In most cases, you may want to prioritize both. You don't want to miss a cancer patient, but you don't want to give radioterapy to a healthy individual. The problem that you have, will tell you which measure you should prioritize.

## Dealing with Class Imbalance
- Class imbalance occurs when one class dominates the dataset, leading to biased model performance.

- **Example**: Let's consider a medical diagnosis model for a rare disease.
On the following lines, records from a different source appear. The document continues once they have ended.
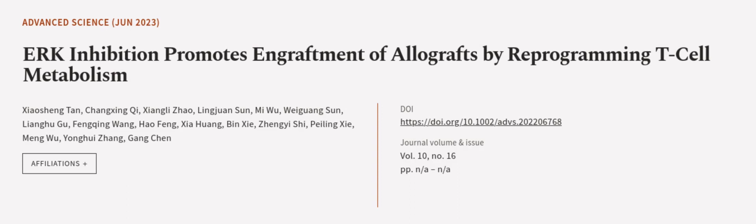This article was authored by Xiaoxing Tan, Chengxing Qi, Xiangli Zhao, and others. We are article.tv, links in the description below.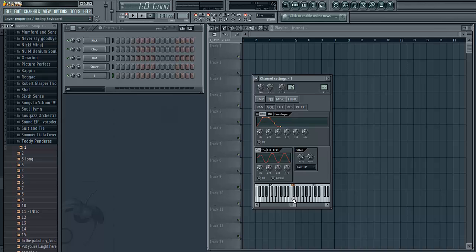When you have all your samples assigned to individual keys, if you keep it at this setting it's going to sound very muddy if you start playing a lot of samples right next to each other because the samples are going to be overlapping.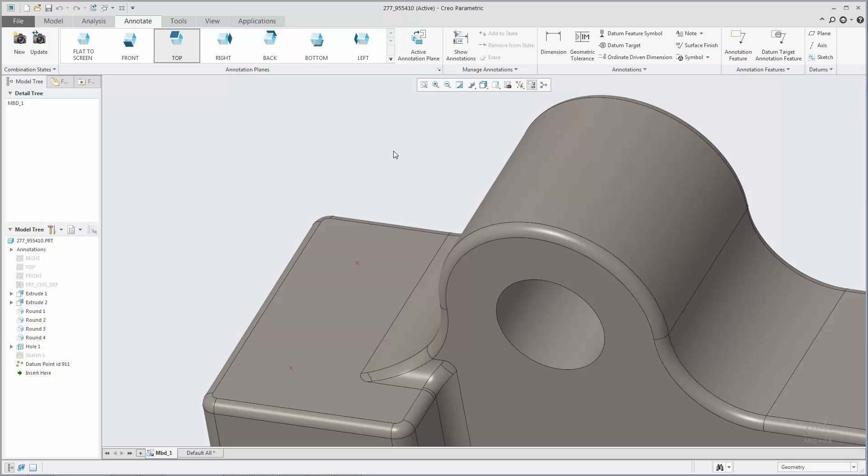Workflows for creating and editing datum target annotations are faster and more intuitive. It is no longer required to have a set datum in the model before creating a datum target.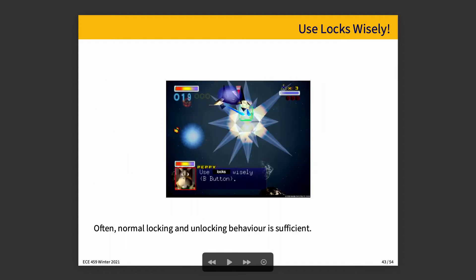Before we get too much farther, I want to suggest that you use these things wisely. Often, normal locking and unlocking behavior is sufficient for your program. As long as you are avoiding the possibility of deadlock by enforcing ordering or something like that, locking and unlocking is usually fine. The most common scenarios where it's very important to use a lock-free data structure is when you have to guarantee that progress is made, when you can't use locks for some reason, or when you're really concerned that if a thread dies while holding a lock, the whole system hangs.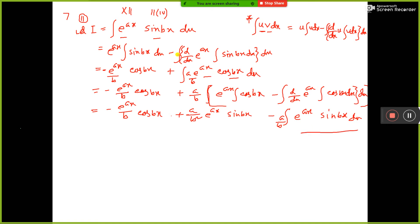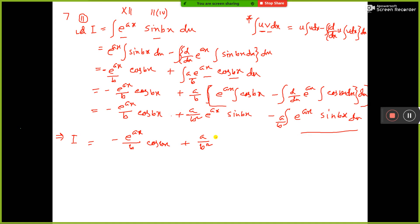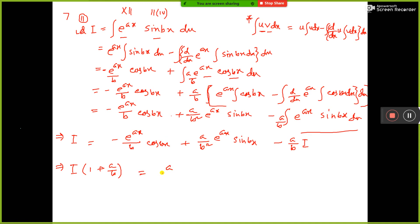Now e^(ax)·sin(bx) — this is I, the original integral we called I. So we can substitute I here. It becomes: I = −e^(ax)/b · cos(bx) + a/b² · e^(ax)·sin(bx) − a/b · I. Take the I term to the left-hand side and factor out I, giving 1 + a/b on the left.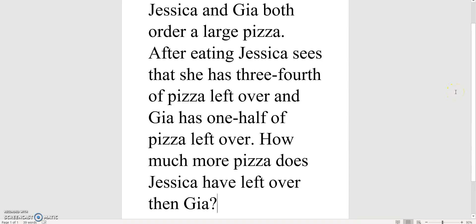Hello! Today we're going to be working on a word problem that includes subtracting fractions with unlike denominators.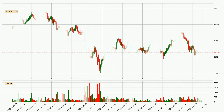Looking at the Bitcoin hourly time frame, the price moved quickly to the downside with around 7.1% in the last 24 hours, with a current price of 31,870. However, the volume wasn't especially high, so this move wasn't very strong.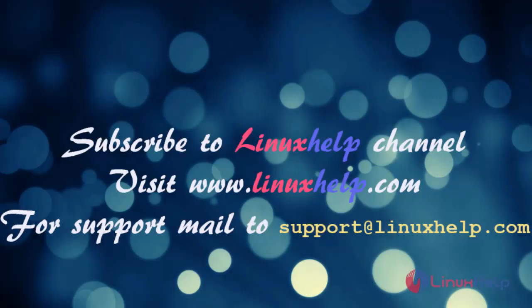Thanks for watching my video. Please subscribe to Linux Help channel to watch more tutorials. Visit our website www.linuxhelp.com for more queries.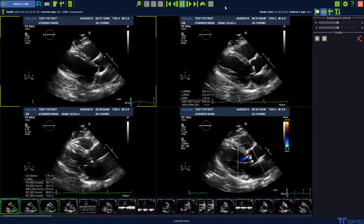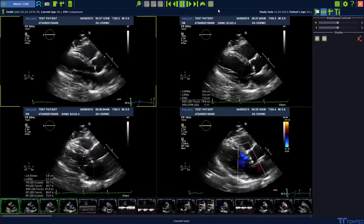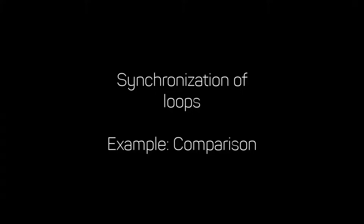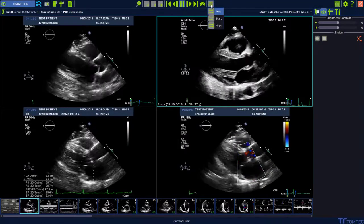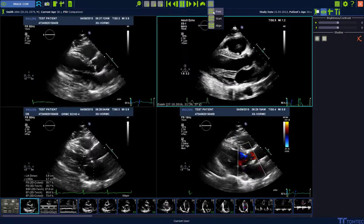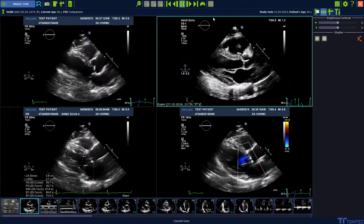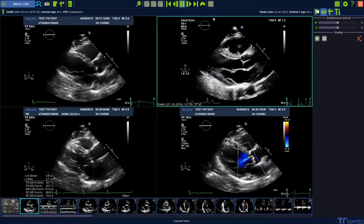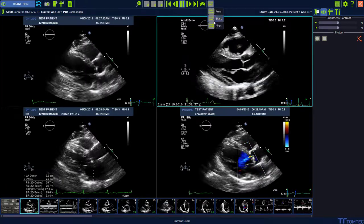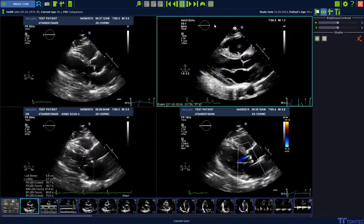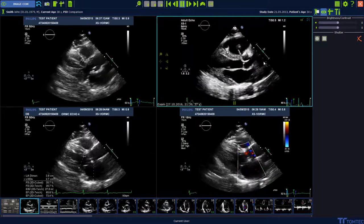The last option of the toolbar shows the synchronization of loops — for example in comparison mode. Free means no synchronization, start means all clips will start simultaneously, and align means all loops will be managed in order to start and end together.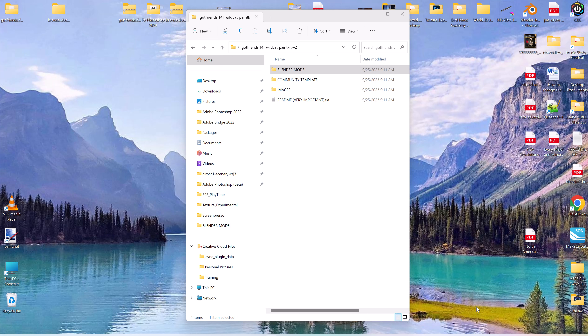I thought I'd do a new video on the Got Friends F4F Wildcat paint kit — a general question and answer type thing. This is mostly for folks that aren't familiar with Blender, but if you're experienced you might find some new things here. There were some issues that came up, and I've gotten a few emails and questions, so I thought I'd try to answer those here.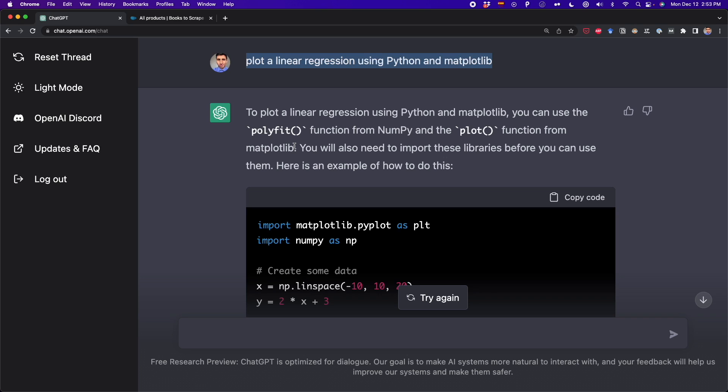And write me in the comment section below which tasks you think ChatGPT can help you with on a daily basis as a data analyst, programmer, or data scientist.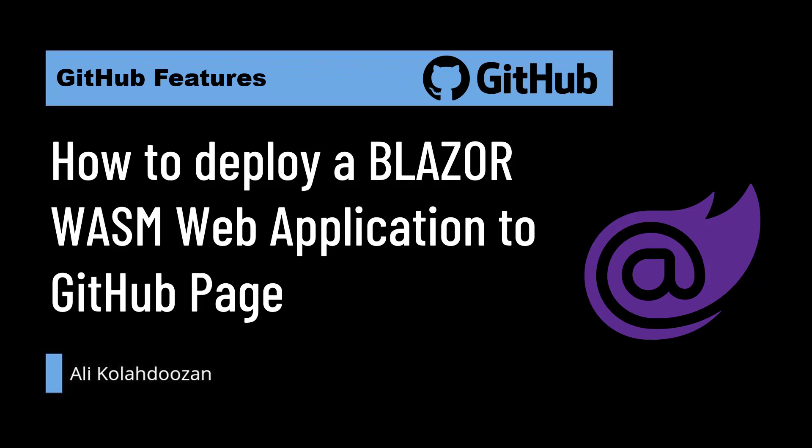In this video, I'm going to show you how we can deploy a Blazor Wasm app to GitHub page. GitHub page is one of the cool features to host any static web app.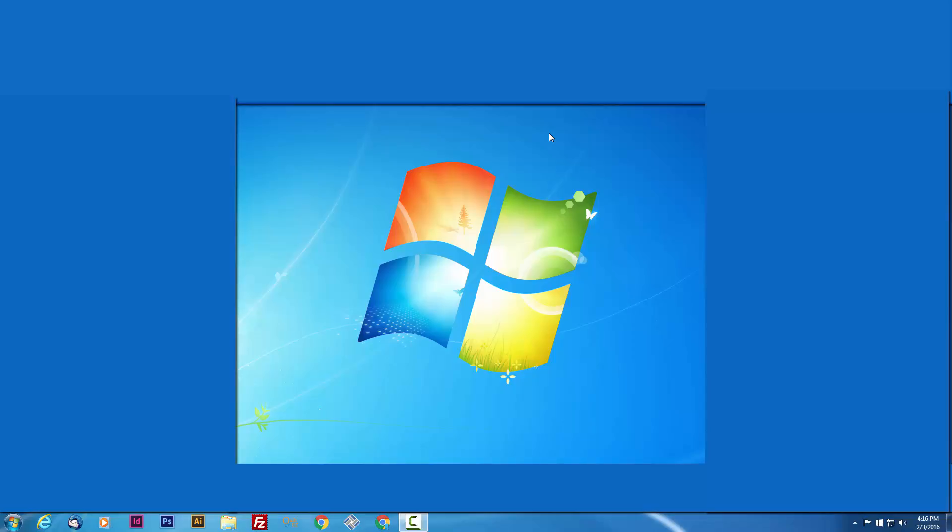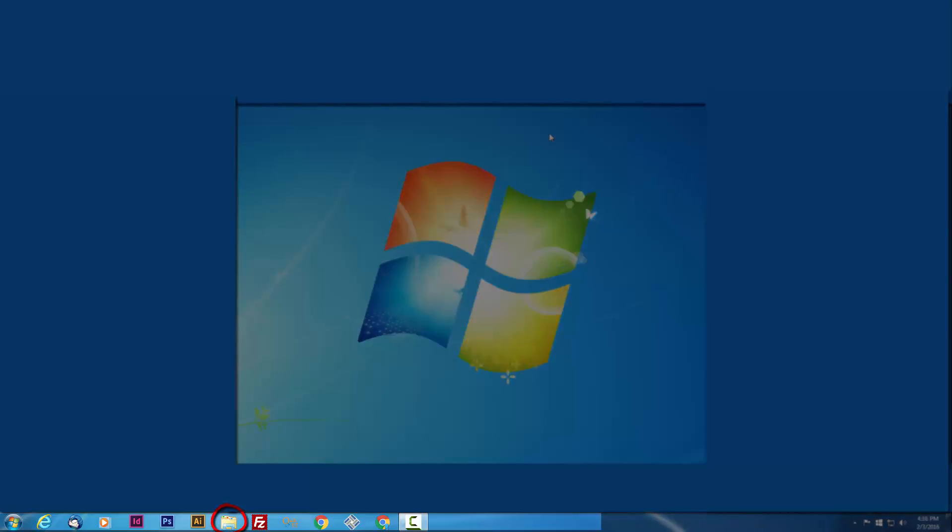First, plug your USB drive into the computer. Now I am using Windows 7, but regardless of your version, the steps should be the same. Start by opening the file explorer. It is the folder icon in the toolbar here.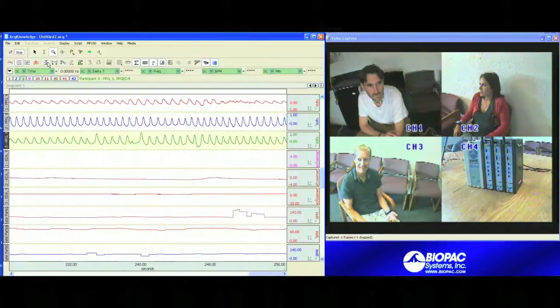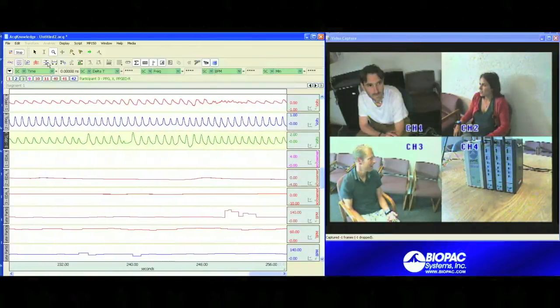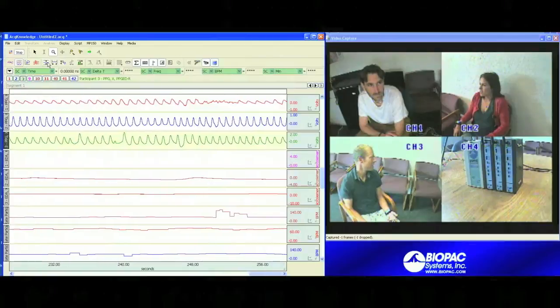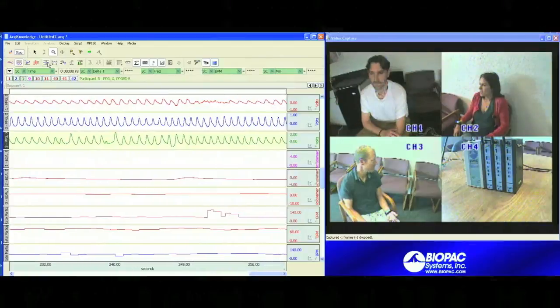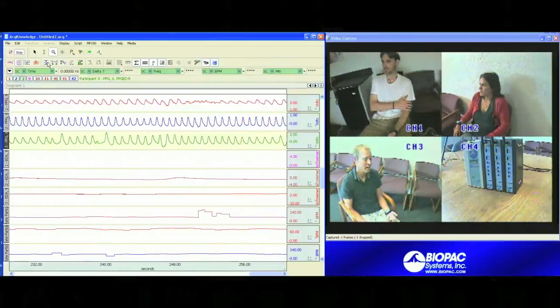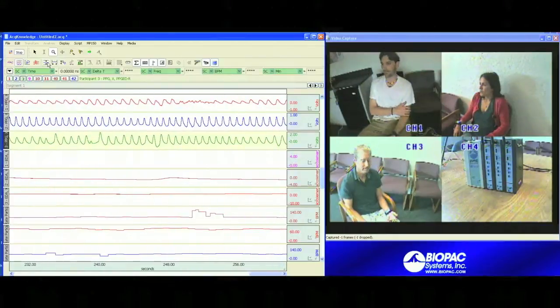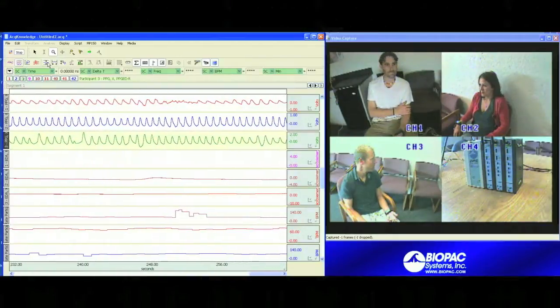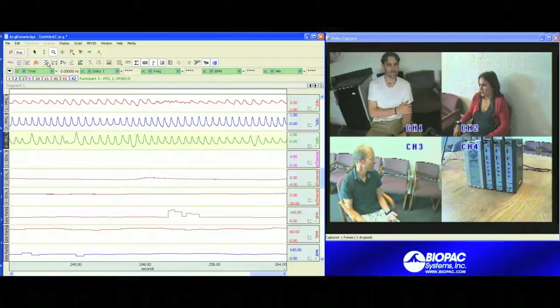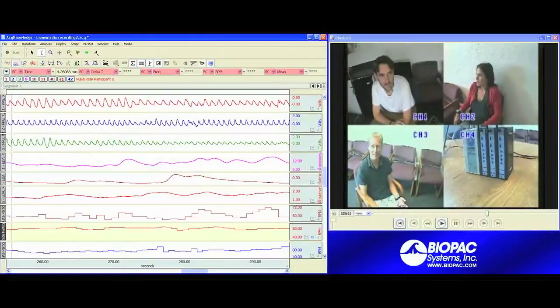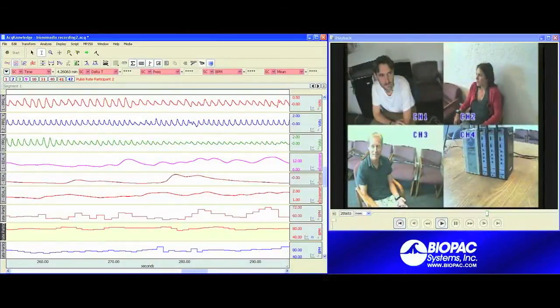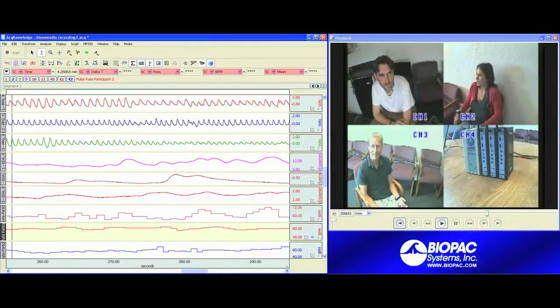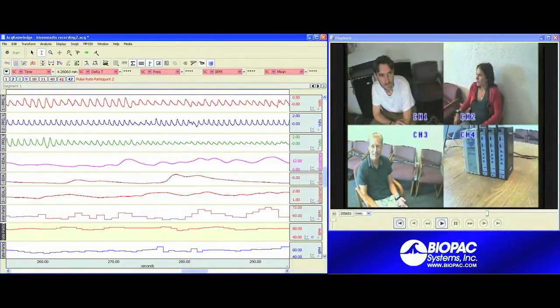Let's take a closer look at the link between the video capture and the physiology data as we take a look at what a data file looks like after you've completed recording. Now that we've finished recording, we can take a look at how the video data and physiology data are linked for analysis.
Out of 1000 patients, only 10 have the disease (positive class).
- Dealing with imbalance: Resampling, using different evaluation metrics, and using `class_weight`.

### Class Weight to Handle Imbalance
- `class_weight` is a technique used to assign higher weights to minority classes during model training.
- **Example**: In our medical diagnosis model, we can set `class_weight='balanced'` to give more importance to the 10 positive cases during training.


## Scoring Metrics for Regression Problems
- Regression problems require different evaluation metrics than classification.
- **Mean Squared Error (MSE)**: Measures the average squared difference between predicted and actual values.
  - **Example**: Let's predict house prices, and we have the following actual and predicted prices:
    - Actual Prices: [200, 300, 400, 500]
    - Predicted Prices: [180, 280, 350, 480]
    - MSE = ((200-180)^2 + (300-280)^2 + (400-350)^2 + (500-480)^2) / 4 = 1050

- **Root Mean Squared Error (RMSE)**: The square root of MSE, providing errors in the original units.
  - **Example**: RMSE ≈ √1050 ≈ 32.40 (measured in the same unit as house prices).

## Interpretation of Regression Scoring Metrics
- **R-squared (R2)**: Indicates the proportion of variance in the target variable explained by the model.
  - **Example**: R2 = 1 - (MSE of the model / MSE of the mean model)
  - R2 = 1 - (1050 / ((200+300+400+500)/4)^2) ≈ 0.82
  - An R2 value of 0.82 suggests that the model explains 82% of the variance in house prices.
  - **Note**: In scikit-learn, R2 can sometimes be negative when the model's performance is worse than a simple horizontal line (mean model). This indicates that the model is a poor fit for the data.

- **Mean Absolute Percentage Error (MAPE)**: Measures the percentage difference between predicted and actual values
  - **Example**: Let's consider the same house price predictions as before:
    - MAPE = ((|200-180|/200) + (|300-280|/300) + (|400-350|/400) + (|500-480|/500)) / 4 ≈ 0.0725 or 7.25% 
    This means, on average, the model's predictions have an error of about 7.25% relative to the actual values. 

Remember, when choosing evaluation metrics, consider the specific characteristics of your dataset and the goals of your machine learning project.